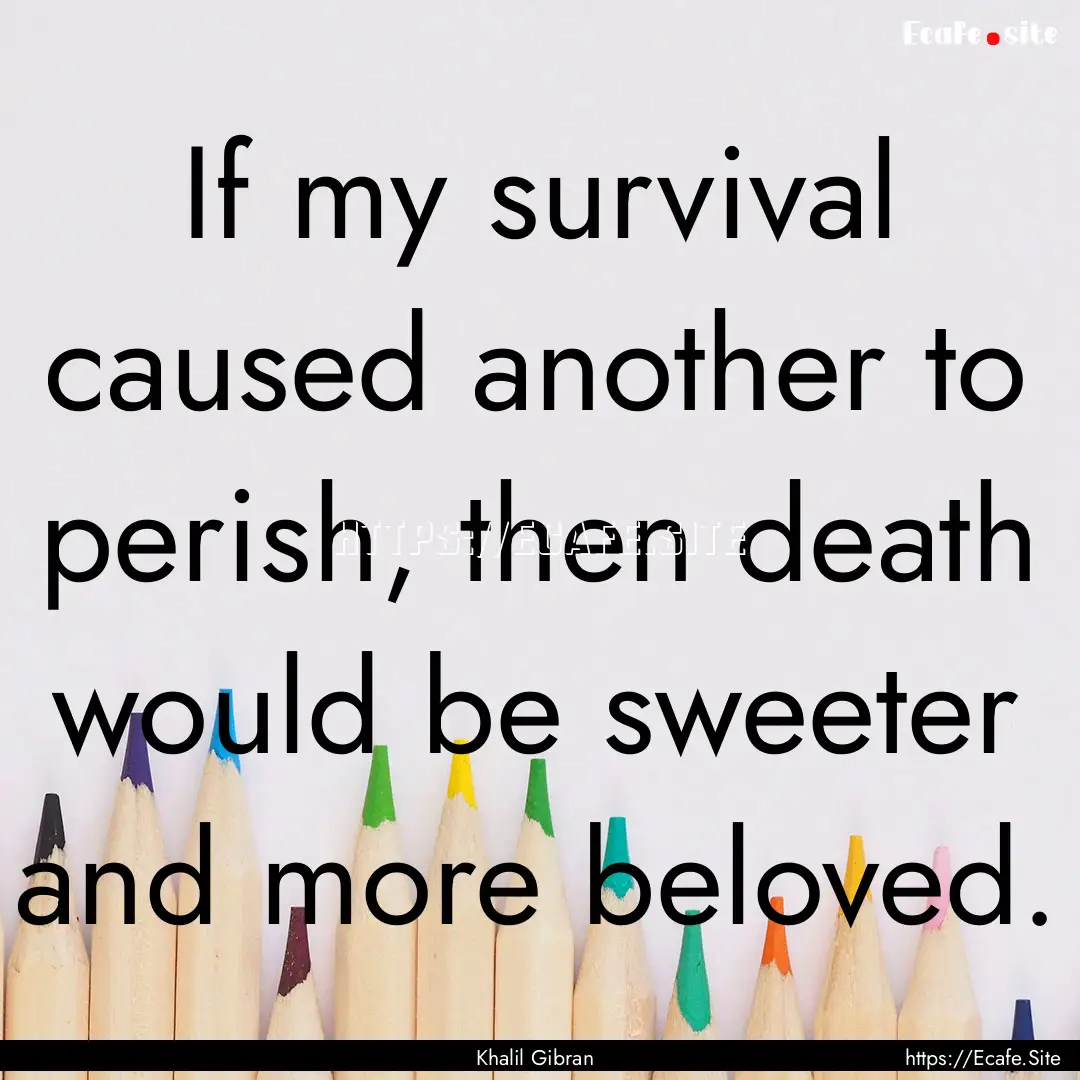 If my survival caused another to perish,.... : Quote by Khalil Gibran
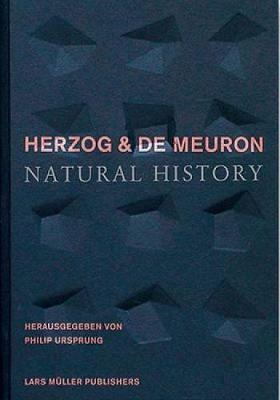 Herzog & de Meuron: Natural History - Ruff, Thomas (Photographer), and Wall, Jeff (Photographer), and Forster, Kurt (Contributions by)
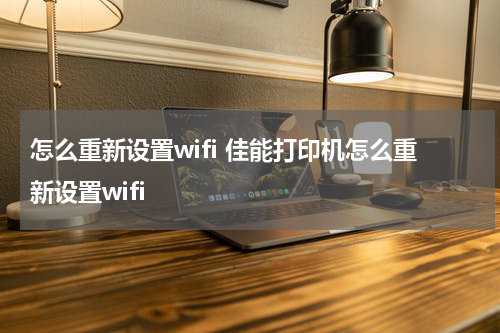 怎么重新设置wifi 佳能打印机怎么重新设置wifi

Exercise brief: Retype the whole listing exactly and leave the pictures out.

Output below:
 If my survival caused another to perish,.... : Quote by Khalil Gibran
 Herzog & de Meuron: Natural History - Ruff, Thomas (Photographer), and Wall, Jeff (Photographer), and Forster, Kurt (Contributions by)
 怎么重新设置wifi 佳能打印机怎么重新设置wifi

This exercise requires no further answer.